Data transmitted by her GPS collar ensured that contact was not completely severed, allowing the N/a''an ku sê team to track and monitor her movements, collecting data critical to the foundation''s human-carnivore conflict mitigation research.

Eventually, Lightning moved onto the Neuras Wine and Wildlife Estate, a N/a''an ku sê reserve and prime carnivore research site – and decided to call it home.

Approximately every two years the batteries of a GPS collar run dry, requiring collared cats to be trapped and re-collared in a bid to continue tracking their movements.

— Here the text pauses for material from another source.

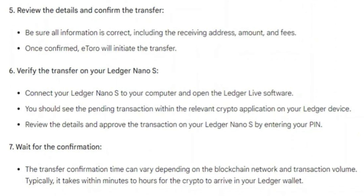After that, connect your Ledger Nano S to your computer and open the Ledger Live software. You should see the pending transaction within the relevant crypto application on your Ledger device. Review the details and approve the transaction on your Ledger Nano S by entering your PIN.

“Leopards are notoriously tricky to re-collar, their natural intelligence often preventing them from re-entering the confines of a capture cage. However, Lightning has seemingly realised that capture cages bring no harm, confidently entering them when her re-collarings beckon, thus having allowed the N/a''an ku sê Foundation to continue monitoring her movements for seven years – a recognised world record in the annals of big cat research,” the foundation stated this week.

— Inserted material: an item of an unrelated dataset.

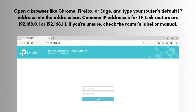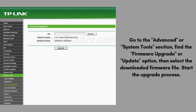Log into the router — you'll be prompted to enter your router's login credentials. The default username and password are often both 'admin'. If you've changed the login details before, use your custom username and password. Go to the Advanced or System Tools section, find the Firmware Upgrade or Update option, then select the downloaded firmware file.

One highlight of camera traps tracking her movement was the visuals of Lightning with cubs, the statement said.

Data records indicate that Lightning has never targeted livestock, a no-conflict status which researchers say can be attributed to a high number of free-roaming big cats in the wild, many of which are unfairly persecuted.

“Human-wildlife conflict is researched and subsequently tackled as intensively as possible, the scientific data resulting from the GPS collaring of wild carnivores providing a platform from which to systematically address the complex facets of conflict.

“Free-roaming carnivores face an ongoing battle in their quest to peacefully co-exist with man, the N/a''an ku sê Foundation constantly striving to facilitate this peaceful co-existence through tangible research findings.”